WHAT YOU ARE ASKED TO DO
When the line containing "Banc de rangement" is found in the data below, copy it and each line after it through the line containing "Elegante Bloemen Lavendel", exactly and with no others.

DATA SHOWN
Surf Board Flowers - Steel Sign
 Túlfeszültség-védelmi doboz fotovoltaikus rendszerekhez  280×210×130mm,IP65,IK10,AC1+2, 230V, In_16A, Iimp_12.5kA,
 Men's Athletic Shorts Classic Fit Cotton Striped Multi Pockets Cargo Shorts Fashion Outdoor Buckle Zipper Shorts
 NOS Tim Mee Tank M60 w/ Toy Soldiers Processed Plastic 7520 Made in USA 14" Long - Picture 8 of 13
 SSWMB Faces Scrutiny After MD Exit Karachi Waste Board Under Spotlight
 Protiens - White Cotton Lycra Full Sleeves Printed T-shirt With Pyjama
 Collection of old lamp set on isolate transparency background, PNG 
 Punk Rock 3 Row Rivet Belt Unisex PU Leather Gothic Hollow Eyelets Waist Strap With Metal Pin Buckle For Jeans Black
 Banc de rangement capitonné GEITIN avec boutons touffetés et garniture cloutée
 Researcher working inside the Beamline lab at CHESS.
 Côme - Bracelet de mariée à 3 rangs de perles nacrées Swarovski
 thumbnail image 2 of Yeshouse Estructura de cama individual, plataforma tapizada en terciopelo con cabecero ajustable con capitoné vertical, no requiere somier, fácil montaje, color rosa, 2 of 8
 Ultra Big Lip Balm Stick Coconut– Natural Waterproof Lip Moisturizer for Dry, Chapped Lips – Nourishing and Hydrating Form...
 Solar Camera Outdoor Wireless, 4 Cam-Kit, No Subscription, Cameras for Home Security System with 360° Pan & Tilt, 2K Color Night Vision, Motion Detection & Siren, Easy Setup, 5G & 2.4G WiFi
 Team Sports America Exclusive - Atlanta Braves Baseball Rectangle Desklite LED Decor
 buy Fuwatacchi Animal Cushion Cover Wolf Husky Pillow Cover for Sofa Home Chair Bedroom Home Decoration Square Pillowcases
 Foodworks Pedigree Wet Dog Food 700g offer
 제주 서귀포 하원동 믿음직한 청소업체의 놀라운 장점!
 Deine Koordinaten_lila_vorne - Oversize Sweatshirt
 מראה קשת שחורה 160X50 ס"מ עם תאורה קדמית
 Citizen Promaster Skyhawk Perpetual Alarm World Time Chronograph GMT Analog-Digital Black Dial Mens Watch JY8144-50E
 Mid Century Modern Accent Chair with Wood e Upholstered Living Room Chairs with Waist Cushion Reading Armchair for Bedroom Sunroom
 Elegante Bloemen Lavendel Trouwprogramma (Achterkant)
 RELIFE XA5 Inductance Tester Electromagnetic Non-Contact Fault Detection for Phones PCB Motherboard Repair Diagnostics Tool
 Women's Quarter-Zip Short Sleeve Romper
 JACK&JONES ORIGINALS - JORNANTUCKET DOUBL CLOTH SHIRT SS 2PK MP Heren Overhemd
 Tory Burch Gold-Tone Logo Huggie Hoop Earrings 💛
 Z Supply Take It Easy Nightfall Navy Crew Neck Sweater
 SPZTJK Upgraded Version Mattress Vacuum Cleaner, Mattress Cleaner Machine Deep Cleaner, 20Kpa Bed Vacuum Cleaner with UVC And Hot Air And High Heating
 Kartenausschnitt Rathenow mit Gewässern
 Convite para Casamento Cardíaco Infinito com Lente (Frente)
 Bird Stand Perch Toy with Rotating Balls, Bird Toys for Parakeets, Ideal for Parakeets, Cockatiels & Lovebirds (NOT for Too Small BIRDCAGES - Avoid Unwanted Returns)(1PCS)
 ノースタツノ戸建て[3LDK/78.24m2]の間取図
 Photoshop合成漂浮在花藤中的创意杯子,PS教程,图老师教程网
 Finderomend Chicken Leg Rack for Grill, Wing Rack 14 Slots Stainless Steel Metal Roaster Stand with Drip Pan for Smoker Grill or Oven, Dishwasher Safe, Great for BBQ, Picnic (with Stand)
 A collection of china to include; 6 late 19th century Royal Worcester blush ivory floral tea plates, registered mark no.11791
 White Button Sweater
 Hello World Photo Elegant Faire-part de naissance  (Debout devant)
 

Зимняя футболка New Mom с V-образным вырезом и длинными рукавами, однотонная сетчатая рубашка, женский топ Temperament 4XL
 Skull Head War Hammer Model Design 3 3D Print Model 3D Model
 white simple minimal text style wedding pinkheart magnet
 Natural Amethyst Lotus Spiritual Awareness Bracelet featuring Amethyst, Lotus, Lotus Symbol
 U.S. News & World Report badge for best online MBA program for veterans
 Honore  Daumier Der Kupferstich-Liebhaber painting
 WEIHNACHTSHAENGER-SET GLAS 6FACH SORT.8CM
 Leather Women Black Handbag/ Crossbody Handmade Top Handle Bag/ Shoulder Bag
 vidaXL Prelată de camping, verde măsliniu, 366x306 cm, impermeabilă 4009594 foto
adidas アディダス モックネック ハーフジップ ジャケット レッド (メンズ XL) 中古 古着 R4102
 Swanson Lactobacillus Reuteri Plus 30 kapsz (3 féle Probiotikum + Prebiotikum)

SOLUTION FOR THIS PROBLEM
 Banc de rangement capitonné GEITIN avec boutons touffetés et garniture cloutée
 Researcher working inside the Beamline lab at CHESS.
 Côme - Bracelet de mariée à 3 rangs de perles nacrées Swarovski
 thumbnail image 2 of Yeshouse Estructura de cama individual, plataforma tapizada en terciopelo con cabecero ajustable con capitoné vertical, no requiere somier, fácil montaje, color rosa, 2 of 8
 Ultra Big Lip Balm Stick Coconut– Natural Waterproof Lip Moisturizer for Dry, Chapped Lips – Nourishing and Hydrating Form...
 Solar Camera Outdoor Wireless, 4 Cam-Kit, No Subscription, Cameras for Home Security System with 360° Pan & Tilt, 2K Color Night Vision, Motion Detection & Siren, Easy Setup, 5G & 2.4G WiFi
 Team Sports America Exclusive - Atlanta Braves Baseball Rectangle Desklite LED Decor
 buy Fuwatacchi Animal Cushion Cover Wolf Husky Pillow Cover for Sofa Home Chair Bedroom Home Decoration Square Pillowcases
 Foodworks Pedigree Wet Dog Food 700g offer
 제주 서귀포 하원동 믿음직한 청소업체의 놀라운 장점!
 Deine Koordinaten_lila_vorne - Oversize Sweatshirt
 מראה קשת שחורה 160X50 ס"מ עם תאורה קדמית
 Citizen Promaster Skyhawk Perpetual Alarm World Time Chronograph GMT Analog-Digital Black Dial Mens Watch JY8144-50E
 Mid Century Modern Accent Chair with Wood e Upholstered Living Room Chairs with Waist Cushion Reading Armchair for Bedroom Sunroom
 Elegante Bloemen Lavendel Trouwprogramma (Achterkant)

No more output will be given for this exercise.